From Unicode code points to Arabic text – STM publishing: tools, technologies and change

In Unicode, the range (in hex) 0600 to 06FF is used for Arabic characters. Each value in the range 0600 to 06FF is referred to as a code point. In simple terms, just think of it as a number allocated to an Arabic character. For example, 0630 is allocated to ARABIC LETTER THAL (ذ). In advance of more detailed step-by-step tutorials I thought I would post a small C code program which will convert the 256 values 0600 to 06FF into UTF-8 encoding. The following C code will create a 512 byte UTF-8 encoded text file that you can open with BabelPad, for example. You can download the text file and C source here.
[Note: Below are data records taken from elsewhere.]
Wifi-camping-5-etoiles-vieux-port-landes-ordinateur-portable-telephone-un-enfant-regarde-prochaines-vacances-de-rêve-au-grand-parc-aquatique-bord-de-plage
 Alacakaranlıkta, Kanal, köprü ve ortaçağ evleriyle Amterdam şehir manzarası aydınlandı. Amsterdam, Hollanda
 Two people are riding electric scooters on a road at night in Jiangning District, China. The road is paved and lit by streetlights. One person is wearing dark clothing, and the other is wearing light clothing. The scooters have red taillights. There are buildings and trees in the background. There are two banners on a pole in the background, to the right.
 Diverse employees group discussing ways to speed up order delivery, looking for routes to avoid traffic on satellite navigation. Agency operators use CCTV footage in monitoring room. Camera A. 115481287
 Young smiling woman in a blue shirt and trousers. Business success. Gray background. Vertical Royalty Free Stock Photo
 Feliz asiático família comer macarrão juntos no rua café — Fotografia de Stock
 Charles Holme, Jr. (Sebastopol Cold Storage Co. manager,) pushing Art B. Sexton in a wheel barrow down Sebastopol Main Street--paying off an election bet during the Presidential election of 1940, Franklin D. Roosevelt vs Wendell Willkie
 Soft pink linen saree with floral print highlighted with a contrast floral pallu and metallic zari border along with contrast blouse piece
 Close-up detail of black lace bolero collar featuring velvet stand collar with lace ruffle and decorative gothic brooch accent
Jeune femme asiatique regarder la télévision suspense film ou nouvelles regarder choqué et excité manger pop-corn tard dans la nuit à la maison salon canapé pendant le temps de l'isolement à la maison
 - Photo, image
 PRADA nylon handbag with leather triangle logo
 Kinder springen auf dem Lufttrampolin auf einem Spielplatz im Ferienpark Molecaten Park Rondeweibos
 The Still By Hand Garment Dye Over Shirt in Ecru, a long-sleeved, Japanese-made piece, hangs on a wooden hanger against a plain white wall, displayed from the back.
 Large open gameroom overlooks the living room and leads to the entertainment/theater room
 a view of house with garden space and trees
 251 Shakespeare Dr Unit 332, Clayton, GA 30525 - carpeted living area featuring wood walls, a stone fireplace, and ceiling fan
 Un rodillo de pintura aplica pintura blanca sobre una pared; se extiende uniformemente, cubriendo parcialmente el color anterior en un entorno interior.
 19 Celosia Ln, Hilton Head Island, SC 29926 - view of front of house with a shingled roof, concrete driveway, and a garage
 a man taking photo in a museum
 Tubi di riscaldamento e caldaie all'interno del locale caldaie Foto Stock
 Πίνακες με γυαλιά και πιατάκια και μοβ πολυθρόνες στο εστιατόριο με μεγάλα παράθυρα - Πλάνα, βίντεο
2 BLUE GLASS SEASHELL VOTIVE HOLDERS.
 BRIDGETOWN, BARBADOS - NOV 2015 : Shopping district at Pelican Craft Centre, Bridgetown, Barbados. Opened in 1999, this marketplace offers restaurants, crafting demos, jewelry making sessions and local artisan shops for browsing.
I would not enter this code into a beauty contest but it is simple and works.

#include <stdio.h>
void main() {

	unsigned short unicode_min = 0x0600;
	unsigned short unicode_max = 0x06FF;
	unsigned char arabic_utf_byte1;
	unsigned char arabic_utf_byte2;

	FILE * arabic = fopen("arabic.txt", "wb");

	for(unsigned short p = unicode_min; p <= unicode_max; p++)
	{
		arabic_utf_byte1 = (unsigned char)(((p & 0x07c0) >>6) + 0xC0);
		arabic_utf_byte2 = (unsigned char)((p & 0x003F) + 0x80);
		fwrite(&arabic_utf_byte1,1,1,arabic);
		fwrite(&arabic_utf_byte2,1,1,arabic);
	}
	fclose(arabic);
  }

If you open arabic.txt in BabelPad you should see something like the following. Note, from within BabelPad you need to switch off complex rendering otherwise Windows’ Uniscribe shaping engine will be activated. In BabelPad, choose Options --> Simple Rendering. What you see will depend on the font you choose in BabelPad, the following uses the OpenType font “Arabic Typesetting” (shipped with Windows Vista). Of course, some code points do not correspond to actual characters or the Arabic Typesetting font does not have the appropriate glyphs: these are shown by a question mark (?) in a box.